MATERIAL PROVIDED
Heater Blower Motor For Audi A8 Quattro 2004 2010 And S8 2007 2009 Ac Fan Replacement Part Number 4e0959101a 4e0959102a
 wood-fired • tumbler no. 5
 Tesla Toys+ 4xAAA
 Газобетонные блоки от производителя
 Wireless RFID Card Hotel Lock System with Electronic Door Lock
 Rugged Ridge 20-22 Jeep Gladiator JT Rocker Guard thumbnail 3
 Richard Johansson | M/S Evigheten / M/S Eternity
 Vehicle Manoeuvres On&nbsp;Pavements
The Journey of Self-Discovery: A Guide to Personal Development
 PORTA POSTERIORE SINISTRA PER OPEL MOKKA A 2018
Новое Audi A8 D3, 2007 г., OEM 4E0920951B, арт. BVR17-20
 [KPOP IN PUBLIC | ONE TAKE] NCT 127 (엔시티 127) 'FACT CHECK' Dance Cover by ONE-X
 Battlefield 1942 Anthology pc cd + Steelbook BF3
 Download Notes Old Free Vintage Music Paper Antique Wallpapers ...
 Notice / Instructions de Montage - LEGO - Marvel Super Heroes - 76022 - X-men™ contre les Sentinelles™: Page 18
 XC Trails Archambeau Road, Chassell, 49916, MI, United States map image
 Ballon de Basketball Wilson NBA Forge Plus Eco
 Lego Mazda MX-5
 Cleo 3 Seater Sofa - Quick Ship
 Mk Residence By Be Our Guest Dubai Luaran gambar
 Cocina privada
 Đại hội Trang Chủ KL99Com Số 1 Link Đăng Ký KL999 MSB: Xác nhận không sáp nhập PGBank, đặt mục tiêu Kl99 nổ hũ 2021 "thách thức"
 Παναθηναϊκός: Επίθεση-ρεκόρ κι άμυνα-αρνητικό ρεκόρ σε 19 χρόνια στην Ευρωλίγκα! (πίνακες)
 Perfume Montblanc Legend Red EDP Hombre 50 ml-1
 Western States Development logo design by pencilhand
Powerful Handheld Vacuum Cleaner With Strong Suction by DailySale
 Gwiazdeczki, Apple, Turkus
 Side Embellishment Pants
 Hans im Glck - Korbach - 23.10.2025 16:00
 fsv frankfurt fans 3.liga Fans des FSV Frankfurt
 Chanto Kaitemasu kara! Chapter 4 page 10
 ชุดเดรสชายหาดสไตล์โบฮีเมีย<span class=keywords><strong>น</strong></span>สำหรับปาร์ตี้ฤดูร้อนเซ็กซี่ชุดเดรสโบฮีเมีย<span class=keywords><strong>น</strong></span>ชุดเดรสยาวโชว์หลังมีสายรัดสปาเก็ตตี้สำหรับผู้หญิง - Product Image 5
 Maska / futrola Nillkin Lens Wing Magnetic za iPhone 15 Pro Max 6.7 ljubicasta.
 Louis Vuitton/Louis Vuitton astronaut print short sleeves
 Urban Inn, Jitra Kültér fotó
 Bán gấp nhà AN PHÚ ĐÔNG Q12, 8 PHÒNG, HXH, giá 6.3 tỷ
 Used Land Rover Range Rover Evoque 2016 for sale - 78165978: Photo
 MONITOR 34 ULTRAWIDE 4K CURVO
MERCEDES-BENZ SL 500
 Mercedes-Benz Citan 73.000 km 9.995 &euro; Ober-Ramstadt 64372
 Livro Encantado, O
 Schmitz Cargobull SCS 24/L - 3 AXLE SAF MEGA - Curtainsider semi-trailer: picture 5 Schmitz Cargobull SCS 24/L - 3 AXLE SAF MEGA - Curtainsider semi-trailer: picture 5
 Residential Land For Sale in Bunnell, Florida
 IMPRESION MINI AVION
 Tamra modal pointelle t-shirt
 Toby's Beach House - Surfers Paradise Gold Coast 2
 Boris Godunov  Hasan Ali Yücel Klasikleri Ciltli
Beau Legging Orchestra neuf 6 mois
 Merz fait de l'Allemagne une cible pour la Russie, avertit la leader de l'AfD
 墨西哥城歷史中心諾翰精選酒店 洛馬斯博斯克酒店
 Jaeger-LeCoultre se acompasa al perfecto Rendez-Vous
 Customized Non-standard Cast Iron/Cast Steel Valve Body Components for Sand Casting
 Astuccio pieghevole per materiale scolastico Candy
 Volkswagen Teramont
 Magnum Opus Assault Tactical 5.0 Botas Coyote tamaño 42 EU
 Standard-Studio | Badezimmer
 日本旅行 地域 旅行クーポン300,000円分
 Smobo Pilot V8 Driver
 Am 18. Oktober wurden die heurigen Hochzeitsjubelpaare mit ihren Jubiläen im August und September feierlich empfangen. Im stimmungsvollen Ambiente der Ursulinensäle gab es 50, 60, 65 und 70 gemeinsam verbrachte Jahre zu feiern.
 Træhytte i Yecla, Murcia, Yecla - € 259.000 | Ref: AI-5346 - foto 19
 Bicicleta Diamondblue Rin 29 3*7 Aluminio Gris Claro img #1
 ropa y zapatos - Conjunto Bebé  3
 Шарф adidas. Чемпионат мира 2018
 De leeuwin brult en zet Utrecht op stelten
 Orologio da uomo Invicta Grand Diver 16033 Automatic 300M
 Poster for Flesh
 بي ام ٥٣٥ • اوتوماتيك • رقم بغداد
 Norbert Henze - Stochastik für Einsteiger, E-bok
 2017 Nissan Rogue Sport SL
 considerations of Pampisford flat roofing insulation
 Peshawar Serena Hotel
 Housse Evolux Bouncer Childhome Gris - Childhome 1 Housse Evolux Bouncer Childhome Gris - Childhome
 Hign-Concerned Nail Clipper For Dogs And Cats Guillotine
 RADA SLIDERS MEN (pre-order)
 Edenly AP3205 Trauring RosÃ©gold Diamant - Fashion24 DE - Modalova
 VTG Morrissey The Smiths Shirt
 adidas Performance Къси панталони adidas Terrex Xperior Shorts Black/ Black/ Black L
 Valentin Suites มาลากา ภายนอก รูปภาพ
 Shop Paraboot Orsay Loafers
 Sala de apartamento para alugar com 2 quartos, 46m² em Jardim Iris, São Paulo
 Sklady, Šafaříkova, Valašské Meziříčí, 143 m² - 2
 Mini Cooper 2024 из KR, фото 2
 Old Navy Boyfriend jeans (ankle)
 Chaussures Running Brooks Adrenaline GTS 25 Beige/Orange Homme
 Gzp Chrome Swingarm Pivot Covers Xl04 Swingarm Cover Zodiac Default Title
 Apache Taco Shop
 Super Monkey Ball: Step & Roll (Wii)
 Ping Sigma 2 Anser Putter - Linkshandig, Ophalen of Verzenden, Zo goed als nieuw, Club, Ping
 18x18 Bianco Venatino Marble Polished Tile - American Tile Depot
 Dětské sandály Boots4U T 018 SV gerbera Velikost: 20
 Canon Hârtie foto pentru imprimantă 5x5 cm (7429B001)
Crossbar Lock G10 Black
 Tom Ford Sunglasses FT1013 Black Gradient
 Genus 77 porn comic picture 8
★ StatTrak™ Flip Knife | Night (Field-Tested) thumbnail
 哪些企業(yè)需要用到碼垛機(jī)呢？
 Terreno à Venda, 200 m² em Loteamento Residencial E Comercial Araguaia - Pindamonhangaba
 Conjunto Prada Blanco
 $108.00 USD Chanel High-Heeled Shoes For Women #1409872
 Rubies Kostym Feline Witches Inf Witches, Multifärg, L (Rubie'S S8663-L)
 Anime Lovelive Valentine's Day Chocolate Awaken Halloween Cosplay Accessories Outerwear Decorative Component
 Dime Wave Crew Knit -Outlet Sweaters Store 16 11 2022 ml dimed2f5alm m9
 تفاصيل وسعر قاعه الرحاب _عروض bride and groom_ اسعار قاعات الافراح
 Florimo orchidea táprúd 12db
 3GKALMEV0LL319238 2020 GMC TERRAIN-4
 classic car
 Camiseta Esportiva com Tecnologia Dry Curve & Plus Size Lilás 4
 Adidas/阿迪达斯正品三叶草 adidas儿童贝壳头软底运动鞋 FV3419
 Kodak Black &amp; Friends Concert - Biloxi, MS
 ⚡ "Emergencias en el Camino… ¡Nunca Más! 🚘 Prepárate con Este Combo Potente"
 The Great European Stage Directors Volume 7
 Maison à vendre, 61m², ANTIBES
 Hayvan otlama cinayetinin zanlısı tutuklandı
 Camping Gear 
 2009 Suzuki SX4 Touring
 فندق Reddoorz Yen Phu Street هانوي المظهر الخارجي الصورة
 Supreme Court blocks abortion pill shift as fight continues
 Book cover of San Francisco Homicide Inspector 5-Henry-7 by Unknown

TO DO
Considering each line of the material above, count those with the word "Black" and give only the number.

ANSWER TO THE EXERCISE
4